The Lesson 1 review of steps with corresponding code from the notebook

saidaspen · March 3, 2018, 10:43am

I am really trying to wrap my head around lesson 1 but have not yet fully gotten there yet.
As part of this process I tried to map out the review-list from the end of the notebook to the steps in the notebook.

Here are two things I do not understand in the Review: easy steps to train a world-class image classifier:

Should we do step 3 (training the last layer from precomputed activations) without augmented data? What is the purpose of that in this case? Don’t we just disregard the outcome of that training anyway if we then recreate the learn variable?
In step 7, finding the learning rate once again. This learning rate is really what we should be using for the last layer in steg 6. Right? So, step 6 and step 7 should really switch place?

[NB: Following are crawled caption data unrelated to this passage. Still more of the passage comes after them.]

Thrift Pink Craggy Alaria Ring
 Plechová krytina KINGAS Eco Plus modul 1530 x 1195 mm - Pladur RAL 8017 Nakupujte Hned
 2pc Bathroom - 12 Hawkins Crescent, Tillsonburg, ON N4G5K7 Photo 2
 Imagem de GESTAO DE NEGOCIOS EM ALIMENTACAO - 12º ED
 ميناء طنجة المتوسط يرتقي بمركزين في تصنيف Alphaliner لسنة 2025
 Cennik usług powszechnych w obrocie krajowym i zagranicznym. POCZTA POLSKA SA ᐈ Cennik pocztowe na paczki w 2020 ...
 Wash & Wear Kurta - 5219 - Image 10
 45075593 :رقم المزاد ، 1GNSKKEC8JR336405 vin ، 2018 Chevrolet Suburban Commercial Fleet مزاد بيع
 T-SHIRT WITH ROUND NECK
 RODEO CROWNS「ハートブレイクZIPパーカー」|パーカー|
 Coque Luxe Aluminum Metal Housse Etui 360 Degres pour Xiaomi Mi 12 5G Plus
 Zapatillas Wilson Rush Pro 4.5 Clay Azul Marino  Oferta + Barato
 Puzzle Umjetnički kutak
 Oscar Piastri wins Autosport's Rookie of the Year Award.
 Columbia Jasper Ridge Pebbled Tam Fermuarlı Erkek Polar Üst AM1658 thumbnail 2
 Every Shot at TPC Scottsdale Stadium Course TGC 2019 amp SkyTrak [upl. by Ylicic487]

Outline of steps and corresponding part of the notebook

Here is an outline of the steps from the Review: easy steps to train a world-class image classifier in the notebook and the code that each step correspond to. Someone else might find this helpful and if it is wrong, then please help correct it.

Enable data augmentation, and precompute=True

tfms = tfms_from_model(resnet34, sz, aug_tfms=transforms_side_on, max_zoom=1.1)
data = ImageClassifierData.from_paths(PATH, tfms=tfms)

And that we then use the precompute flag set to true:

learn=ConvLearner.pretrained(arch, data, precompute=True)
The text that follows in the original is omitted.